Re: AIO v2.5

From: Andres Freund <andres(at)anarazel(dot)de>
To: Noah Misch <noah(at)leadboat(dot)com>
Cc: Antonin Houska <ah(at)cybertec(dot)at>, pgsql-hackers(at)postgresql(dot)org, Thomas Munro <thomas(dot)munro(at)gmail(dot)com>, Heikki Linnakangas <hlinnaka(at)iki(dot)fi>, Robert Haas <robertmhaas(at)gmail(dot)com>, Jakub Wartak <jakub(dot)wartak(at)enterprisedb(dot)com>, Jelte Fennema-Nio <postgres(at)jeltef(dot)nl>
Subject: Re: AIO v2.5
Date: 2025-03-26 20:33:49
Message-ID: zfkgslbfxyrzntjclthxa5jo75es3qqt5sdavci4givvszp4u3@iwu2ciwdxhcb
Views: Raw Message | Whole Thread | Download mbox | Resend email
Thread:
Lists: pgsql-hackers

Hi,

On 2025-03-25 17:19:15 -0700, Noah Misch wrote:
> On Mon, Mar 24, 2025 at 09:18:06PM -0400, Andres Freund wrote:
> > @@ -296,7 +299,9 @@ pgaio_io_call_complete_local(PgAioHandle *ioh)
> >
> > /*
> > * Note that we don't save the result in ioh->distilled_result, the local
> > - * callback's result should not ever matter to other waiters.
> > + * callback's result should not ever matter to other waiters. However, the
> > + * local backend does care, so we return the result as modified by local
> > + * callbacks, which then can be passed to ioh->report_return->result.
> > */
> > pgaio_debug_io(DEBUG3, ioh,
> > "after local completion: distilled result: (status %s, id %u, error_data %d, result %d), raw_result: %d",
>
> Should this debug message remove the word "distilled", since this commit
> solidifies distilled_result as referring to the complete_shared result?

Good point, updated.

> > Subject: [PATCH v2.12 01/28] aio: Be more paranoid about interrupts
> Ready for commit
> > Subject: [PATCH v2.12 02/28] aio: Pass result of local callbacks to
> > ->report_return
>
> Ready for commit w/ up to one cosmetic change:
>

And pushed. Together with the s/pgaio_io_prep_/s/pgaio_io_start_/ renaming
we've been discussing. Btw, I figured out the origin of that, I was just
mirroring the liburing API...

Thanks again for the reviews.

> > Subject: [PATCH v2.12 03/28] aio: Add liburing dependency
>
> Ready for commit
>
>
> > Subject: [PATCH v2.12 04/28] aio: Add io_method=io_uring
>
> Ready for commit w/ open_fd.fixup

Yay. Planning to push those soon.

> > Subject: [PATCH v2.12 05/28] aio: Implement support for reads in smgr/md/fd
>
> Ready for commit w/ up to two cosmetic changes:

Cool.

> > +/*
> > + * AIO error reporting callback for mdstartreadv().
> > + *
> > + * Errors are encoded as follows:
> > + * - PgAioResult.error_data != 0 encodes IO that failed with errno != 0
>
> I recommend replacing "errno != 0" with either "that errno" or "errno ==
> error_data".

Applied.

> Second, the aio_internal.h comment changes discussed in
> postgr.es/m/20250325155808.f7.nmisch@google.com and earlier.
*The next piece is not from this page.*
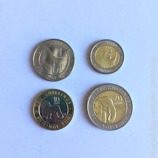 Комплект из 4-х монет Кении, 2018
Here's my current version of that:

* Note that the externally visible functions to start IO
* (e.g. FileStartReadV(), via pgaio_io_start_readv()) move an IO from
* PGAIO_HS_HANDED_OUT to at least PGAIO_HS_STAGED and at most
* PGAIO_HS_COMPLETED_LOCAL (at which point the handle will be reused).

Does that work?

I think I'll push that as part of the comment updates patch instead of
"Implement support for reads in smgr/md/fd", unless you see a reason to do so
differently. I'd have done it in the patch to s/prep/start/, but then it would
reference functions that don't exist yet...

> > Subject: [PATCH v2.12 06/28] aio: Add README.md explaining higher level design
>
> Ready for commit

Cool.

Comments in it reference PGAIO_HCB_SHARED_BUFFER_READV, so I'm inclined to
reorder it until after "bufmgr: Implement AIO read support".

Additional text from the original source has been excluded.